Endangered Malot
Since the temple is threatened not only by mining activity but by natural tectonic movement as well, an action similar to the one undertaken for the Indus Valley School of Art is necessary if the site is to be saved for eternity
By Salman Rashid
The Salt Range of Punjab is home to a series of temples dating back a full 1000 years. Stretching from the banks of the Jhelum, they are situated in a meandering line through the rugged hills to the banks of the Sindhu River. Because of their great age, these buildings are in various stages of decay. All of these religious buildings were raised between 950 to 1050 CE by the kings of Kashmir when they held sway in this area.
While every single one of them is a visual treat because of the fine artistry that went into their construction, surely the most breathtaking one is Malot. And for two reasons: for one, it is situated on the very verge of a sheer fall of some 200 metres. Secondly, it is the only one of the Salt Range temples, which exhibits very strong Greek influence.
Now, Malot was built when Greek Taxila had decayed into the dust. Though the buildings of that ancient city were forgotten, by some abstruse mechanism, the stonemasons of the Potohar plateau had retained through dozens of generations the architectural vocabulary their ancestors had learned from the Greeks. Malot was built, as Kipling wrote in Kim, “…by workmen whose hands were feeling, and not unskilfully, for the mysteriously transmitted Grecian touch.”
Despite the unkindness of nature and the passage of time, not to mention man’s malicious hand, Malot stands majestic on a low hill to the south of the village that takes its name. It retains its fluted pillars with their Doric capitals so starkly reminiscent of Greek influence. There are, of course, architectural embellishments that are of purely local inspiration. The porous red sandstone used in its construction has eroded in wind, rain, and none of Malot’s ancient iconography is now clearly discernible, but experts tell us that this temple was consecrated in the name of Lord Shiva.
The passage of centuries deprived Malot temple of its spire, the shikhara – perhaps in an ancient and now forgotten earthquake. The gateway to the temple that sits some metres to the eastward of the main building has lost its roof and the walkway connecting the two is also gone. Yet, Malot continues to enthral and captivate with its aesthetic refinement.

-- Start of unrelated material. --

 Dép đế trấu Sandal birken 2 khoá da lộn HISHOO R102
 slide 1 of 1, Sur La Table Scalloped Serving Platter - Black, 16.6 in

If nature was unkind to Malot in the past, it continues to be so. The low outcrop of limestone on which Malot is situated is, in the words of an expert geologist, a miniature of the entire Salt Range. In that, it is slowly being pushed upward by tectonic movement. As it rises, the Malot outcrop is splitting apart. Consequently, just by the foundation of the temple building, the ground is riven by a narrow but deep cleft.
Back in 1994 Azmat Ranjha, the Deputy Commissioner of Chakwal, a man of good sense, ordered the cleft to be filled in with concrete in order to arrest its further widening. Even then he knew the measure was desperate and of little avail over the long term. Nonetheless, some little good was done under his instructions.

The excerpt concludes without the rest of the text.